Stedman and Hutchinson, comps. A Library of American Literature:
An Anthology in Eleven Volumes. 1891.
Vols. IX–XI: Literature of the Republic, Part IV., 1861–1889
The Delights of the Next World
By Mather Byles (17071788)T
How blessed and pleasing an intercourse must it be, for friends to congratulate the arrival of friends to that holy world; to talk over the prayers they have perhaps formerly made together; the pious conversation they have carried on upon earth; and the serious religion they promoted in each other’s minds, by their word and their examples. It will certainly be no little satisfaction, for them there to renew to one another, the thoughts and discourses they once entertained concerning the glory and happiness of the kingdom where they will then reign. They will say one to another, How dark and obscure were our conceptions of this felicity! How low and mean the talk we formerly had about it! How inadequate and trifling the most exalted strokes of our mortal discourses to these sublime enjoyments!

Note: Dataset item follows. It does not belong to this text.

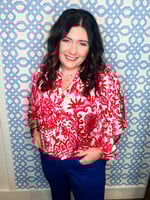 Lilly Pulitzer Lilly Pulitzer Japhia Long Sleeve Top - Spicy Socialite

And as the conversation we shall have with those which we were familiar with on earth, will be so pleasant and happy, so no less will that delight us, which we shall have with those who have gone to heaven before us. To mix in the divine and sinless companies there, to hear the improving expressions of their tongues, and attend to the soft persuasion that sits upon their lips, this will be a very noble entertainment. How glad shall we be, to hear Paul give us an account of his conversion with his own mouth; or Noah himself be the relator of the flood which bore him up in his ark, over the tops of the mountains! To hear Moses, in an improved sublimity of style, tell of the wonders of the creation, and relate the pomp and terror of Mount Sinai, when its summit blazed with fire unto the midst of heaven, and the black smoke arose like the smoke of a furnace, and rolled away through the air; while the voice of the trumpet echoed louder and louder, and the whole mountain shook to its foundations.